Think Water Utah, a Utah Humanities Statewide Project, Receives 2022 Outstanding Achievement Award from the Utah Division of State History
Thursday, November 10, 2022 – Think Water Utah is a statewide collaboration and conversation on the critical topic of water presented by Utah Humanities and its partners. From 2020 through 2022, Think Water Utah engaged 312,418 visitors in 25 exhibitions and over a hundred free community events in 34 locations throughout the Utah and southern Idaho.
2022 Outstanding Achievement Award Recipient
As a prestigious capstone to this tremendous endeavor, the Think Water Utah project partners received the 2022 Outstanding Achievement Award from the Utah Division of State History for statewide collaboration. The award recognized significant contributions, extraordinary service, and outstanding projects in the fields of history, archaeology, preservation, and/or historical archives. Members of the team were honored to receive this award at the 70th annual Utah State History conference in Provo. Event and award photos are available here. A Statewide Collaboration that Strengthened Utah Communities and Explored the Critical Topic of Water Think Water Utah featured two exhibitions from the Smithsonian Institution Traveling Exhibition Service – Water|Ways and H2O Today. These exhibitions traveled to nine communities in Utah from August 2020 to October 2022 reaching underserved audiences including those living in rural areas, youth, and members of historically marginalized communities. In addition, each host organization developed local water-related exhibits and public programming that explored Utah’s water stories and challenges. The Utah Museum of Fine Arts and Natural History Museum of Utah also created water-focused exhibitions and public programming, some of which also traveled. All of Utah Humanities’ partners engaged their communities in conversations about water by seeking out underrepresented voices and stories and collaborating with other organizations to reach new audiences. They also experimented with online and socially-distanced program models and worked to strengthen themselves as vibrant community spaces. Think Water Utah project scholar and Director of the American West Center at the University of Utah, Gregory E. Smoak, detailed the history of water in Utah in Utah Water Ways, a 40-page essay with historic photographs. Four thousand copies of the
essay were provided free of charge to exhibition visitors and distributed freely to schools, libraries, teachers, and scholars. Utah Humanities’ Beehive Archive radio program featured 90 new episodes focusing on water in Utah. These 2 minute stories are available on KCPW Radio, Utah Public Radio, and on many podcast platforms. Think Water Utah Exhibitions around the State from 2020-2022.
To learn more about the four-year statewide collaboration, visit the Think Water Utah portion of the Utah Humanities website.
Carol Harsh, Associate Director of Museum on Main Street and Community Engagement, Smithsonian Institution Traveling Exhibition Service says, “Think Water Utah became a water programming tour de force as a multi-pronged approach with layers of statewide partners and scholars, and host communities across the state, resulting in real public impact.

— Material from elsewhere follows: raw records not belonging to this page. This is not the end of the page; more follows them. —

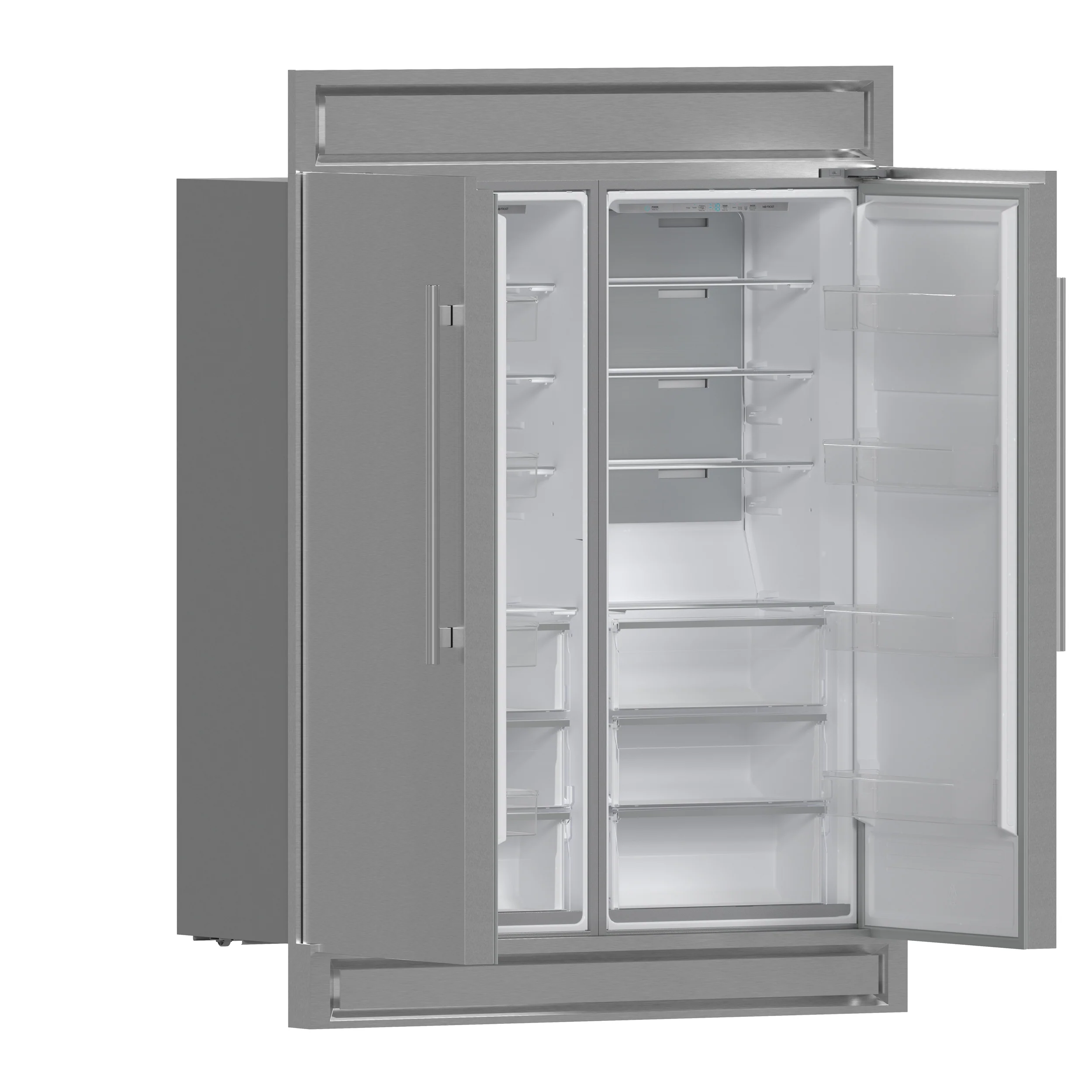 Forno Maderno 2-28-Inch Wide Convertible Refrigerator/Freezer, Decorative Trim, 27.2 cu.ft, 84-Inch High, ENERGY STAR Certified - Image 5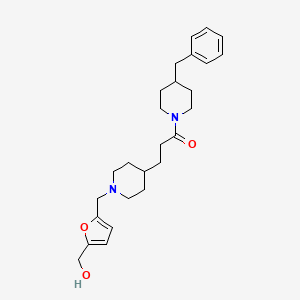 molecular formula C26H36N2O3 B4139621 [5-({4-[3-(4-benzyl-1-piperidinyl)-3-oxopropyl]-1-piperidinyl}methyl)-2-furyl]methanol 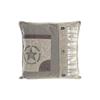 Cushion - Vintage - 45 X 15 X 45 Cm - Grey and White - Indoor - Elegant Style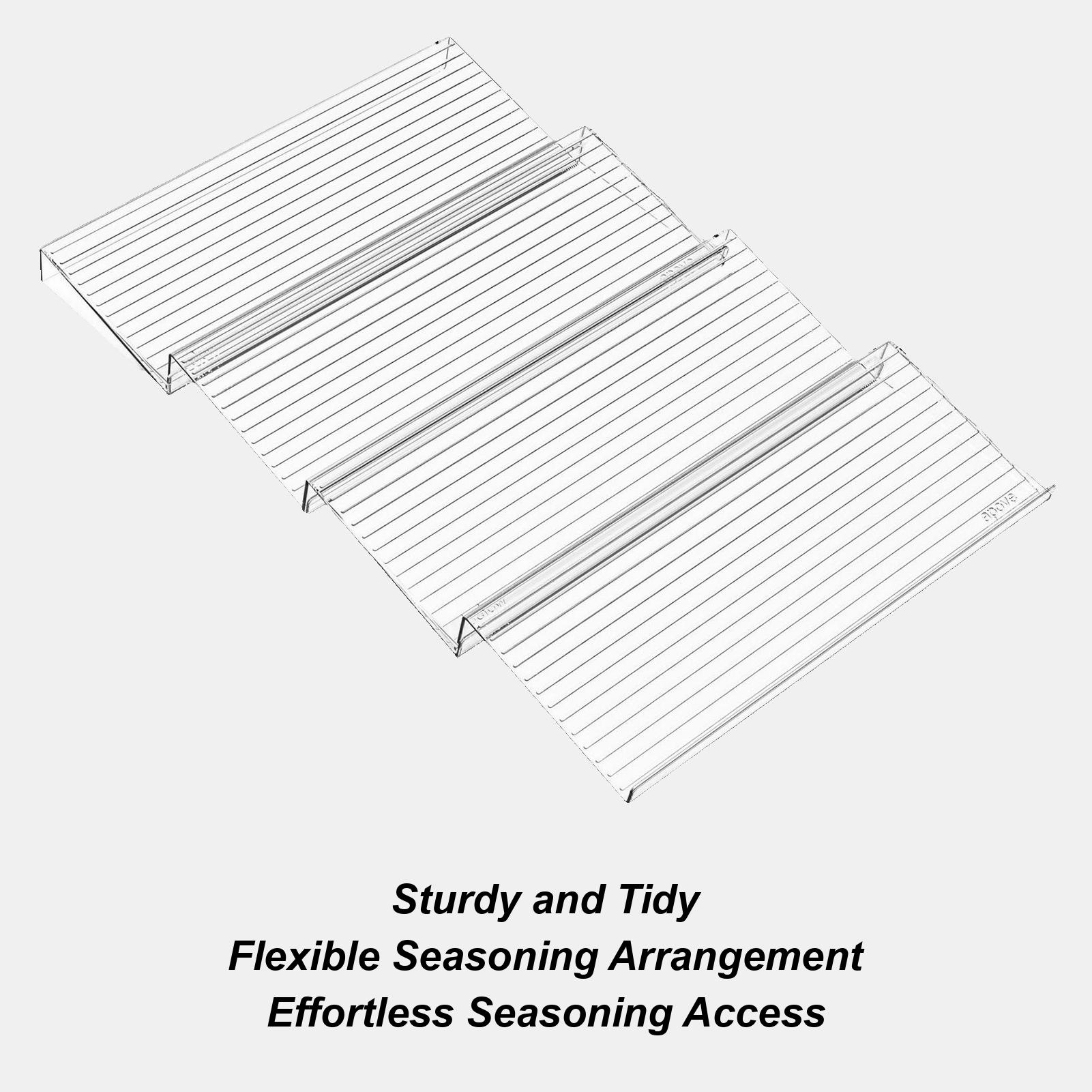 

Kitchen Drawer Seasoning Organizer Drawer Seasoning Organization Rack 4 Pieces Space-Saving Cooking Condiment Tray for Counter CHINA
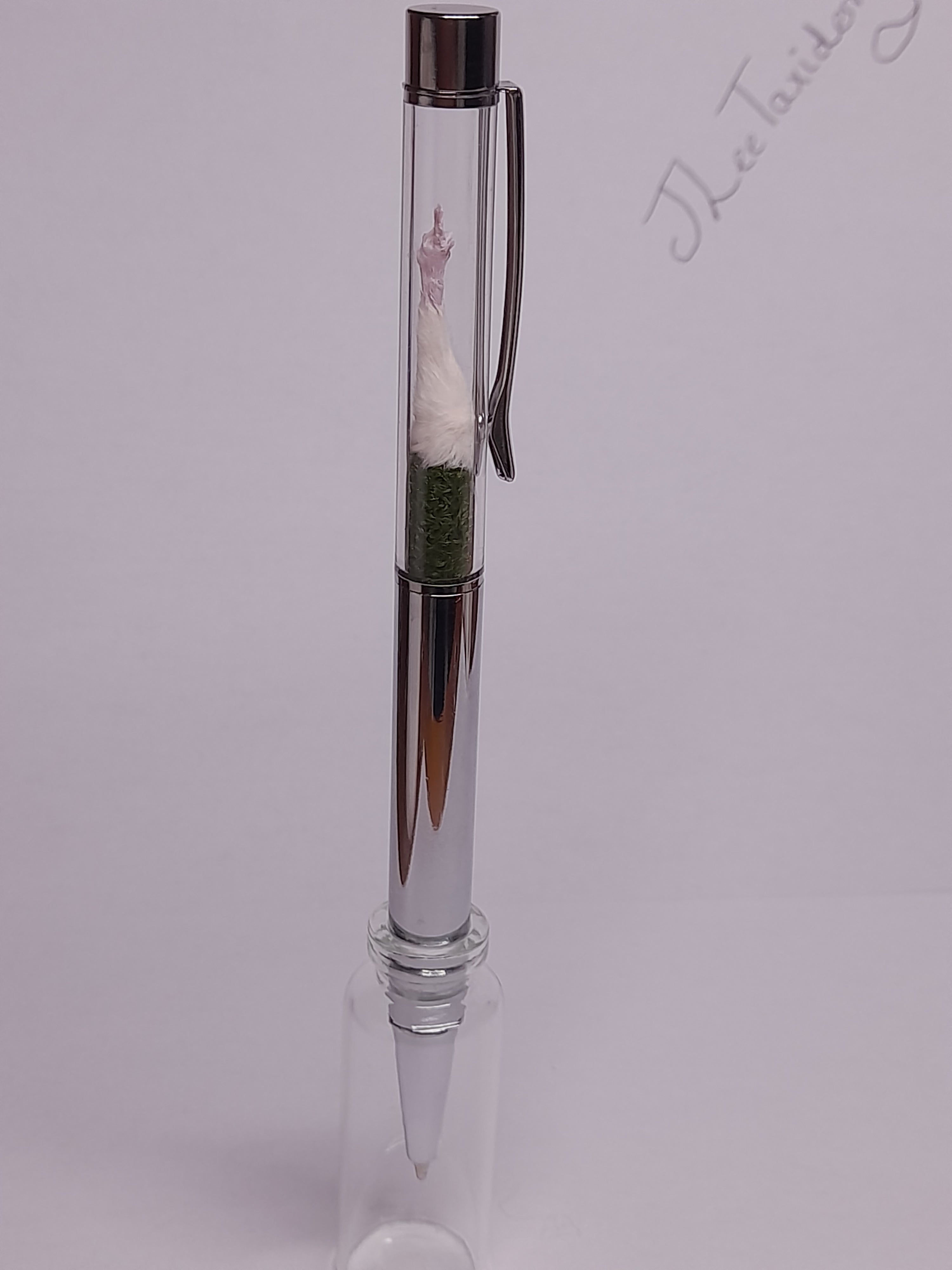 Fuxk You Pen Friend- White Arm & Silver Barrel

Water is a life-giving resource. Looking at water through the lens of history and culture – both locally and statewide – enabled program participants to grapple with the complexity of water issues and to recognize the many nuances of what water means to us as humans. In so doing, they experienced firsthand the relevance of history in addressing contemporary issues and the power of public history institutions in helping to localize conversations. Utah Humanities is respected and uniquely positioned to pull together such an impressive array of statewide and local partner organizations and scholars, who in turn engaged their communities in meaningful conversations, story initiatives, educational activities, and virtual programs.”
Gregory E. Smoak, Director, American West Center, University of Utah writes that, “Think Water Utah illustrates the value of public environmental history to inform public discourse and advocate for a more inclusive and sustainable future… In producing statewide programming, the project team knew we would have tell some unsettling stories and ask hard questions for the project to truly matter. There is a well-known adage in the American West, often spuriously attributed to Mark Twain, that whiskey is for drinking and water is for fighting over. Throw in the intertwined and divisive issues of urban population growth and climate change and things could get really tense. We knew that we must directly engage these topics, but that to do so ethically and fairly we must remain rigorous in our historical practice. If we were to advocate for good history and good science, we would have to get things right... I am proud that Think Water Utah has addressed environmental justice issues and responded to the climate emergency by advancing this critical conversation in communities across the state.”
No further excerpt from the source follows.